Car is moving with constant velocity 20m/s and then accelerates in uniform mode.

From ground frame: everything in the car was moving with the same 20m/s velocity and when car accelerated, the following happened: ceiling accelerated instantly, which caused the forward force(the force in the same direction as the car) to act on the upper point on the string, but force transfer through the string is not instantenous and there's a delay because of which the following occurs: the car moves with updated velocity, but ball itself still moves with old velocity(force didn't arrive yet through the end of the string where the ball is attached), so we got a difference in velocities - car moves faster than the ball which ends up in swing mode of the ball backwards. In reality, it's not truly that ball moves backward, it's just our perception, but in reality, it's just car moves faster than ball and thats why swinging perception of the ball occurs. We say this obeys in newton's law, because ball actually continued motion with the old velocity(if no force acted on it, object continues moving in the same speed and it's true due to force delay).

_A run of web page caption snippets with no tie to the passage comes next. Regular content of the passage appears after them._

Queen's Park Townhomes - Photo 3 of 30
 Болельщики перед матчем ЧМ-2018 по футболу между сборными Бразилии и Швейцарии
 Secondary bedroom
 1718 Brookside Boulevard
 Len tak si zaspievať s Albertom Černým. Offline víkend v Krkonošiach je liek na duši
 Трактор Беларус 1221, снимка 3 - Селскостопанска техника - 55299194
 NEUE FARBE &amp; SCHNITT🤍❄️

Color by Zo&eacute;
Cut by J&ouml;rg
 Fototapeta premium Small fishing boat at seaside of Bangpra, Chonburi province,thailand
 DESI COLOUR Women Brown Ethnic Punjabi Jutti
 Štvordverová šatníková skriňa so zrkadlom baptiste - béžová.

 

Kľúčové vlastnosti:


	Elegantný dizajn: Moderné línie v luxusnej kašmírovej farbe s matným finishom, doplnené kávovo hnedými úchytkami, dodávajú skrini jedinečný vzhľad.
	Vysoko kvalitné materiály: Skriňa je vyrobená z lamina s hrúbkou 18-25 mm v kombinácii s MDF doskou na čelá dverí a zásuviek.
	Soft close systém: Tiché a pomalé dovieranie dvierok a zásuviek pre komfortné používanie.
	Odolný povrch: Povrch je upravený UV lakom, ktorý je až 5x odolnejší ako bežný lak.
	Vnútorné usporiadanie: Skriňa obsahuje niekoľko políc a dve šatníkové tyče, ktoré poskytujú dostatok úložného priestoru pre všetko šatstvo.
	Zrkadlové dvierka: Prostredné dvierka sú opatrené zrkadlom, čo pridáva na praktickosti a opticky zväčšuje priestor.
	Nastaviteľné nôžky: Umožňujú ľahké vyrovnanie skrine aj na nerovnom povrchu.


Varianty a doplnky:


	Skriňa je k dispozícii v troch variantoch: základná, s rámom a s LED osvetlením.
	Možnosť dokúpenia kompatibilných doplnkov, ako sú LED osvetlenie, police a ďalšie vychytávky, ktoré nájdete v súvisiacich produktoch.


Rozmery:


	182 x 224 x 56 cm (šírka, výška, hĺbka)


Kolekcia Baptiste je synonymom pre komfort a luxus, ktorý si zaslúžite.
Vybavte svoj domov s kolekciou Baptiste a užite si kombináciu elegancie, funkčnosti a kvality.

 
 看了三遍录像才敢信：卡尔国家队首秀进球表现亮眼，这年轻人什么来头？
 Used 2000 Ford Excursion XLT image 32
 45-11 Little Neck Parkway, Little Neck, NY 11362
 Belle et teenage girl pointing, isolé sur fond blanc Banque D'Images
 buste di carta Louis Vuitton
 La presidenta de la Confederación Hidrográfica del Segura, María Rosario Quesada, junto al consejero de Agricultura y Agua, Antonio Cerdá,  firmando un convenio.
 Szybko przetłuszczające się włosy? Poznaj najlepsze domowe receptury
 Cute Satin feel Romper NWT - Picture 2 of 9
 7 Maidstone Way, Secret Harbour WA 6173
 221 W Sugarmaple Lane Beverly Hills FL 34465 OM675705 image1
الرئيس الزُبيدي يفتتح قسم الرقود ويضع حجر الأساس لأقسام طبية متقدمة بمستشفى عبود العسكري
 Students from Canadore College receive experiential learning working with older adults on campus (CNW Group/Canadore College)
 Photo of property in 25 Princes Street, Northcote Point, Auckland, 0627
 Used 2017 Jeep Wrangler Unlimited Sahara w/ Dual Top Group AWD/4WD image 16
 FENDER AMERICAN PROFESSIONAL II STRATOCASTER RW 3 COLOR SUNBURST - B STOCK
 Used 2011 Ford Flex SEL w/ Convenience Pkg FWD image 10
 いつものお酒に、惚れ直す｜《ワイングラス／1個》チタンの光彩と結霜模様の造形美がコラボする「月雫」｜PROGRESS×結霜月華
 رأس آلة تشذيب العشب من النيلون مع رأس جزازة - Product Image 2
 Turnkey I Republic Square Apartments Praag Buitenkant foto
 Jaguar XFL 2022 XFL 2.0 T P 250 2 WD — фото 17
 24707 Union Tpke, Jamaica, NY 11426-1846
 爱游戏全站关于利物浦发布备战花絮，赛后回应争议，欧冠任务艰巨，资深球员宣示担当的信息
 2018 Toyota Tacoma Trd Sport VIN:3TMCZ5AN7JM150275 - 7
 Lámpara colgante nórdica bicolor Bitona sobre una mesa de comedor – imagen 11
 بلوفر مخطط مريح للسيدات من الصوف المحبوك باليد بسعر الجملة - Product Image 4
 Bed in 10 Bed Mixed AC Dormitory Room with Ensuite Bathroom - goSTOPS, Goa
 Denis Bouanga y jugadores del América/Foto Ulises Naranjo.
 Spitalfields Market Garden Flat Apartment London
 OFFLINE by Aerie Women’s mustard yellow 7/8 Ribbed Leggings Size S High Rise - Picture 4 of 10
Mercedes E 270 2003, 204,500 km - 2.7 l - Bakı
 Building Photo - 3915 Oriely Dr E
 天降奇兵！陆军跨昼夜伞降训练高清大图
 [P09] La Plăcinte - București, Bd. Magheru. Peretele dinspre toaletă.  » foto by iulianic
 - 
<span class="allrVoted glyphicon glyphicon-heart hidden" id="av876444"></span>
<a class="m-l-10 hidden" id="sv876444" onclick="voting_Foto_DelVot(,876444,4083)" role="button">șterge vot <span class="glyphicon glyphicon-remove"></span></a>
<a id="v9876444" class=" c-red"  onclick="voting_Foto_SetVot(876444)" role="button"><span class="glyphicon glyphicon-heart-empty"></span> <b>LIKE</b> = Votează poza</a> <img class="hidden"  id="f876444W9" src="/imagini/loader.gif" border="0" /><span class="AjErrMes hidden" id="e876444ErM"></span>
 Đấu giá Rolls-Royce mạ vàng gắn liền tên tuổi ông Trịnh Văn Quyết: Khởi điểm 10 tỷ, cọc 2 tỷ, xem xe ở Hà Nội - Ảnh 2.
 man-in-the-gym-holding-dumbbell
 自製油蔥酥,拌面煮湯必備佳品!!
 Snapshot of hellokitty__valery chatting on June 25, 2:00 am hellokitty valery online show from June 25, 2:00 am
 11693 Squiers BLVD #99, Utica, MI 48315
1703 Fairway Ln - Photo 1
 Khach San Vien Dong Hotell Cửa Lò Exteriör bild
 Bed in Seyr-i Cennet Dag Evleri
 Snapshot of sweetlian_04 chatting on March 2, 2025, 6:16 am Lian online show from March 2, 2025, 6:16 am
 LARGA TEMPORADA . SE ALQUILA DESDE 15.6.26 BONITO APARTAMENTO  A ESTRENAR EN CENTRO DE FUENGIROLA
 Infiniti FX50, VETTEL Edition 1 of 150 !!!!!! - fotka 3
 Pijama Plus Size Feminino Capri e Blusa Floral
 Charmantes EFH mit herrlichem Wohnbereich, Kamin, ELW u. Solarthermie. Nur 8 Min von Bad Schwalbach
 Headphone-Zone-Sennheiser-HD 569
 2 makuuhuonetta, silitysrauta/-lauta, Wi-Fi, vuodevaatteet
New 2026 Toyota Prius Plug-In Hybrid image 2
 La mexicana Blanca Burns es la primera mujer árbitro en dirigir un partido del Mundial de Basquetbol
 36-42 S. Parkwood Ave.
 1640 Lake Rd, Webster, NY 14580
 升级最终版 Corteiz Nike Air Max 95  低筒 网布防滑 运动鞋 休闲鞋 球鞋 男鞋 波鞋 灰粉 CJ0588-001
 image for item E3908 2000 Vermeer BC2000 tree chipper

From the car frame: I got a problem here. I sit in a car. I understand that to me, when car moves with constant speed at first, everything is stationary - i look at ball or anything for that matter, and nothing moves. Now acceleration happened, but to me, ceiling is still stationary - to me, car/ceiling still feel like stationary. Now, if to me, if i feel that everything is still stationary, why did the ball swing back ? I think this is the scenario we try to explain and can't explain with the same logic as we did in ground frame. Since ceiling to me didn't accelerate, it couldn't have caused force in the tension the same way as in ground frame, but ball still swang backwards, so if no force acted on it, why did it move backwards ? It seems like newton's law broke - if no force, it should have stayed at rest or moving with the same speed, but the ball accelerated. The way you explain the swing of ball backwards is(i.e it's acceleration - because to me, it's not stationary during its backwards movement), some fictitious force must have happened.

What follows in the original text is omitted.